Читаем Индивид и социум на средневековом Западе полностью

Самосознание средневекового художника – сюжет, который до недавнего времени в научной литературе освещался односторонне. Преобладает точка зрения, согласно которой мастера той эпохи всецело оставались пленниками традиции, унаследованных канонов, людьми, ориентированными на подражание образцам и едва ли склонными к новаторству в своем творчестве. В искусстве, как считают, господствовала анонимность, и на протяжении столетий ничего якобы не известно о тех художниках и скульпторах, архитекторах и строителях, произведения которых сохранились до нашего времени. Их творческие индивидуальности – вне поля зрения искусствоведов.

Другая сторона по существу той же проблемы – отсутствие портрета: изображая светских и церковных государей и иных господ, средневековые мастера сосредоточивали все свое внимание на типическом и повторяющемся и не были склонны и способны заметить и изобразить «лица необщее выраженье». Не самобытность того или иного человека, но его социальная принадлежность и внешние знаки, свидетельствовавшие о высоком статусе, – вот на чем фокусировались интересы мастеров. В средневековом «портрете» выражены признаки и атрибуты власти, могущества, святости, отношения властителя с трансцендентными силами, и его индивидуальные черты оказывались иррелевантными. Индивидуализация, портрет, равно как и авторская самобытность, появляются, согласно упомянутой точке зрения, лишь на исходе Средневековья, собственно, в эпоху Ренессанса.

Такая концепция преобладает в интерпретации истории средневекового искусства. Традиция эта настолько влиятельна, что все явления, ей противоречащие, толкуются как случайные и нетипичные. Нетрудно видеть, что подобное понимание фактически отрицает личность и индивидуальность в изучаемую нами эпоху.

Не настало ли время заново рассмотреть эту проблему, подойдя к ней более непредвзято? Как мне представляется, для подобной ревизии господствующих установок ныне имеются веские основания.
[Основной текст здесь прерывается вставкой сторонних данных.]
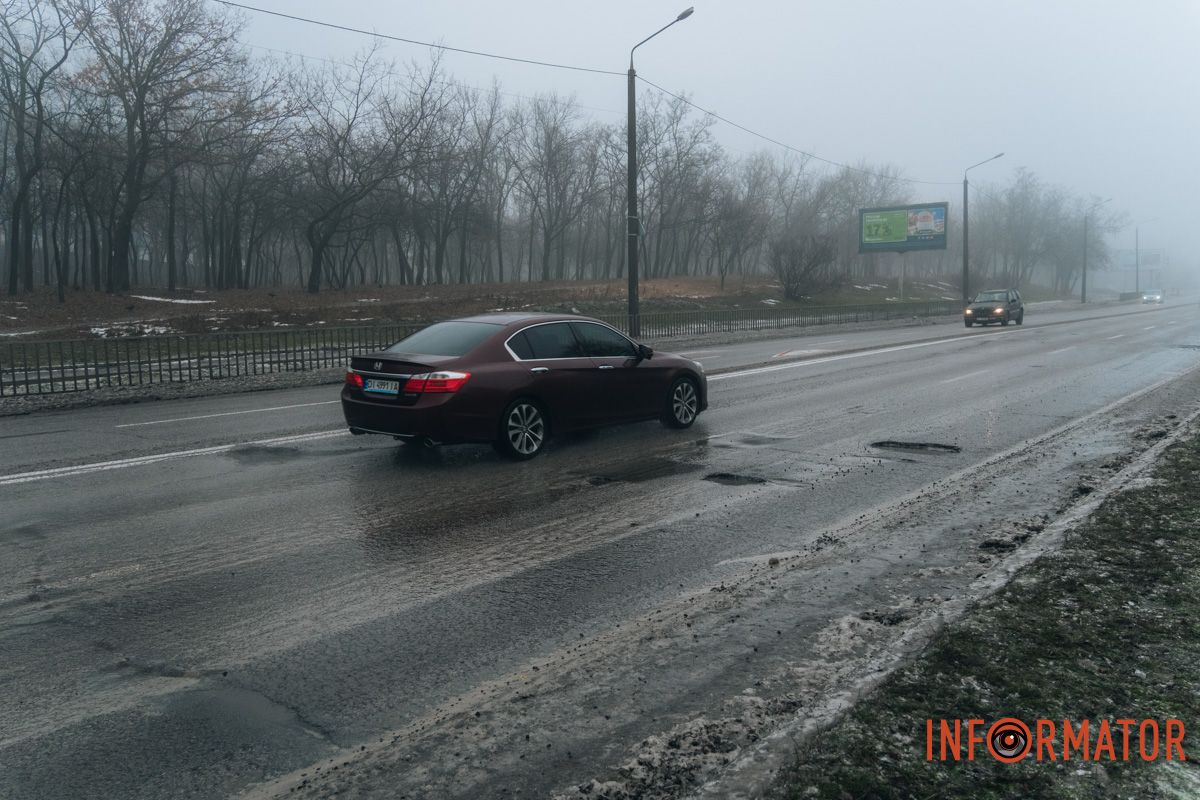 У Дніпрі на Космічній зʼявились «кратери» на дорогах 9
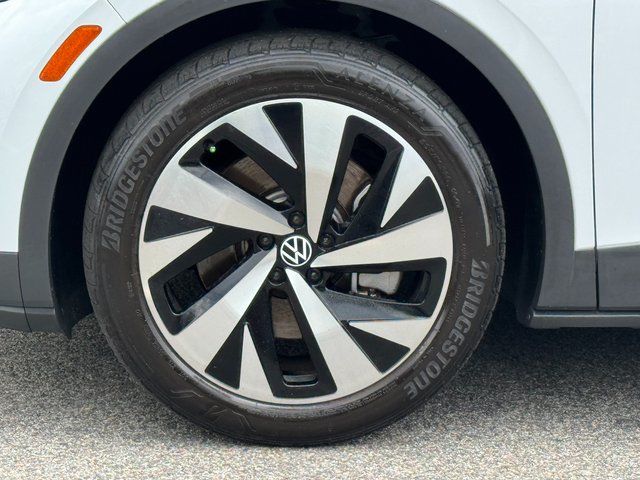 Used 2022 White Volkswagen Pro S image 26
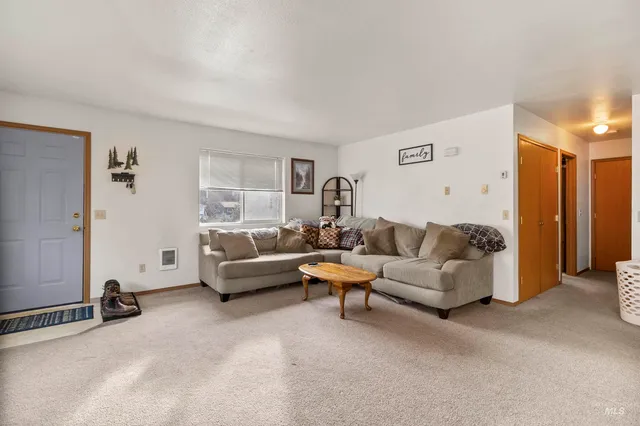 $1,300,000 | 904 East Vandal Drive, Moscow, ID 83843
Здесь, однако, я принужден отметить, что высказываемые ниже соображения опираются на сравнительно ограниченный круг источников. Не будучи искусствоведом, я отваживаюсь высказать лишь гипотетические суждения, возможно, спорные и уязвимые для критики[137]. Тем не менее известную смелость придает мне то обстоятельство, что, когда несколько лет назад я высказался по этому вопросу в первом варианте данного труда, опубликованном на нескольких языках, моя гипотеза нашла поддержку у специалистов, которые обратили внимание прежде всего на этот раздел книги. Одновременно я нашел в новейшей научной литературе исследования, которые подтверждают эту же гипотезу.

* * *

Идея анонимности средневекового искусства представляет собой некую мифологему, выработанную в эпоху Ренессанса и надолго укоренившуюся в искусствознании. Эта мифологема была создана для того, чтобы обосновать мысль о превосходстве искусства эпохи Нового времени перед искусством средневековым. Опровержение этого взгляда – прежде всего заслуга современного швейцарского искусствоведа П. К. Клауссена, который опирается на широкий и тщательно исследованный конкретный материал[138].
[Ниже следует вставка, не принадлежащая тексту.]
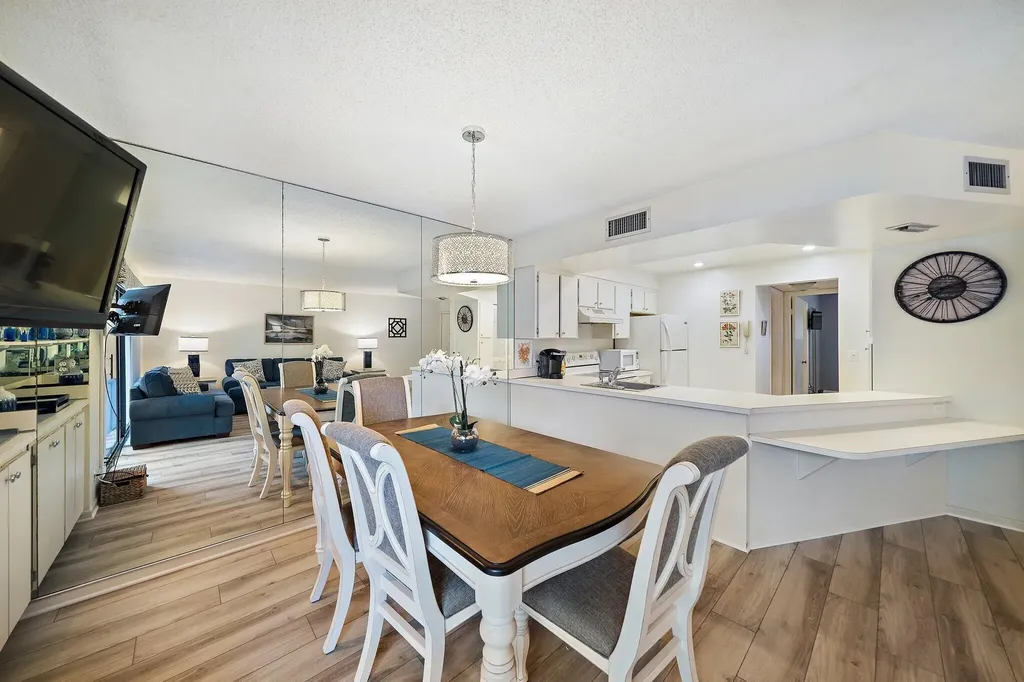 1605 S Us Highway 1 Jupiter FL 33477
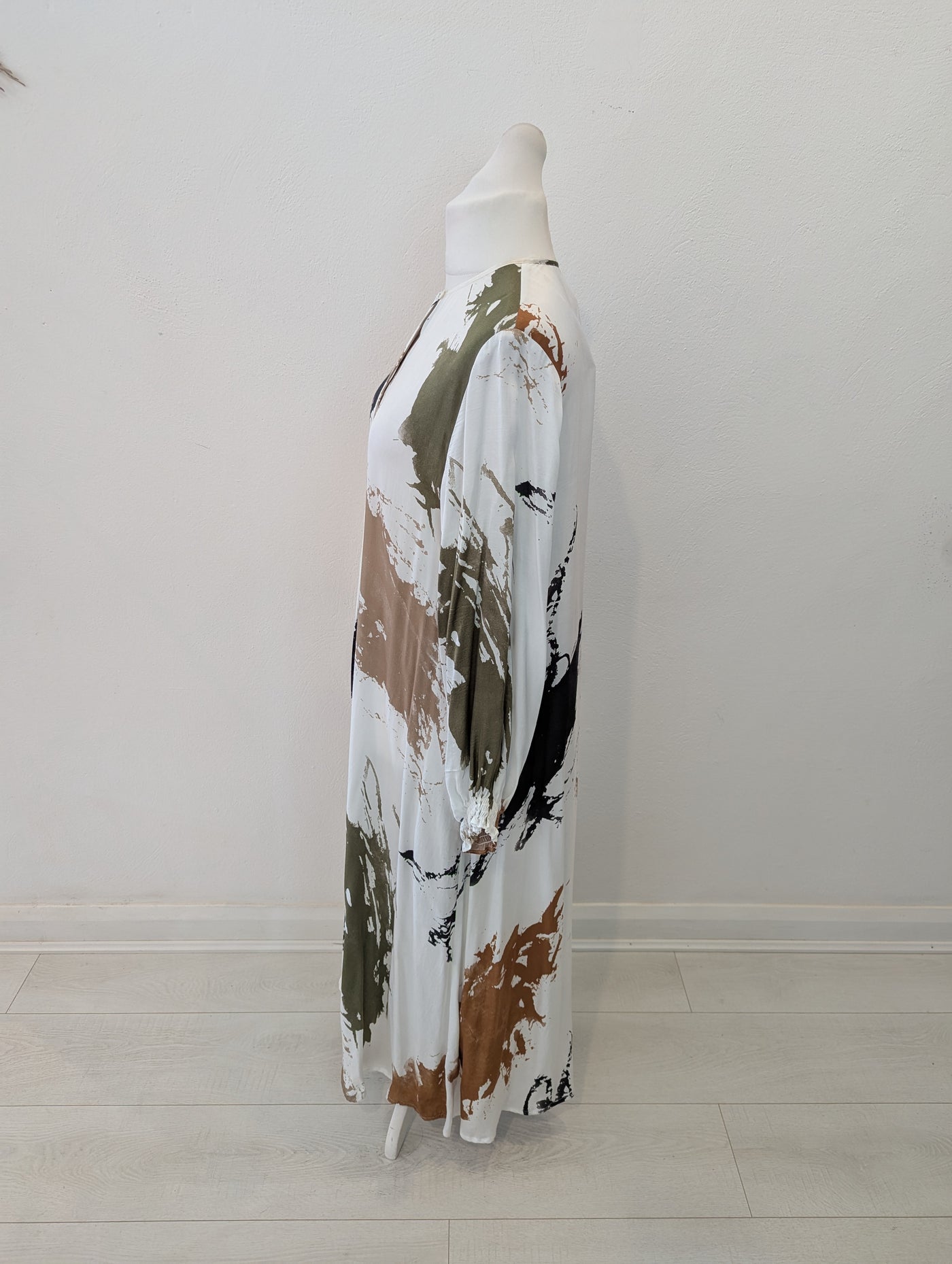 Q Neel White Mix Shirt Dress 18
Со времен Возрождения искусство предшествующей эпохи трактуется как разительный контраст к искусству современному. В этом смысле, пишет Клауссен, средневековые художники представляются своего рода «антиподами», а Средневековье – континентом другого измерения, где все было наоборот. Средневековые художники якобы были смиренными ремесленниками, не стремились к славе и самовыражению и не ставили подписей под собственными произведениями. Вопреки этому мнению, считает Клауссен, в Средние века, несмотря на все ограничения и условности, существовали возможности для самовыражения художника.

Действительно, новейшие исследования свидетельствуют о том, что идея анонимности средневекового искусства противоречит ныне изученному материалу. Ограничимся лишь некоторыми примерами. «Подписи» и «автопортреты» встречаются уже в VIII веке. На золотом алтаре в Миланском соборе его создатель изобразил самого себя коленопреклоненным перед святым, который его увенчивает; здесь же надпись с именем мастера: «Vuolvinus magister faber». В промежутке между 1160 и 1170 годами монах из монастыря Сент-Аманд оставил свою подпись не менее чем на шести рукописях: «Sawalo monachus me fecit». У ног Христа-Судии, изображенного на тимпане западного портала церкви Сен-Лазар (Отен, Бургундия) ок. 1140 года, мастер высек свое имя: Gislebertus[139].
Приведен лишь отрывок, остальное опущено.